Philippine Department of Agriculture – Tokyo
Unidentified brown bear “OSO18” attacking milk cows in eastern Hokkaido, threatening dairy farmers

Unidentified brown bear “OSO18” attacking milk cows in eastern Hokkaido, threatening dairy farmers

An area in eastern Hokkaido with a thriving dairy industry has recently been suffering from damage caused by an unidentified giant brown bear attacking milk cows and ruining crops of corn for feed.

Local hunters are making every effort to hunt the bear, but they have not been able to capture the animal.

There had not been any cases in the past of brown bears attacking livestock, but since 2019, attacks on milk cows leading to injuries and deaths have been reported every year.

Dairy farmers are forced to continue business with feelings of fear amid the abnormal situation.

The unidentified bear is given a code name OSO18, deriving from Osotsubetsu, a district in the town of Shibecha where damages were reported, and the fact that a footprint left at the site of damage was 18 centimeters wide.

The average weight of a male brown bear is roughly 200 kilograms, but OSO18 is estimated to weigh between 300-400 kg.

It apparently has incredible strength as it has attacked a milk cow weighing nearly 200 kg.

In the towns of Shibecha and Akkeshi in eastern Hokkaido, Japan’s leading dairy farming region, it is believed that OSO18 attacked a total of 64 milk cows between fiscal 2019 when damage was first reported and Aug. 19.

An official of the Hokkaido Government’s Kushiro General Subprefectural Bureau said, “No one has ever directly witnessed (the bear) and everything is within the realm of imagination.
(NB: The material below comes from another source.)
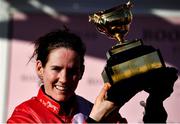 18 March 2022; Rachael Blackmore celebrates with the Gold Cup after winning the Boodles Cheltenham Gold Cup Chase aboard A Plus Tard during day four of the Cheltenham Racing Festival at Prestbury Park in Cheltenham, England. Photo by David Fitzgerald/Sportsfile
We can only estimate its size and such.”

The milk cows had big scratches on their back, which seem to have been made by thick claws, and big footprints were left at the sites, suggesting that they were attacked by OSO18.

Local hunters, agricultural cooperatives and authorities are desperately trying to capture the bear in order to protect the dairy farms, but they have not been successful for more than three years.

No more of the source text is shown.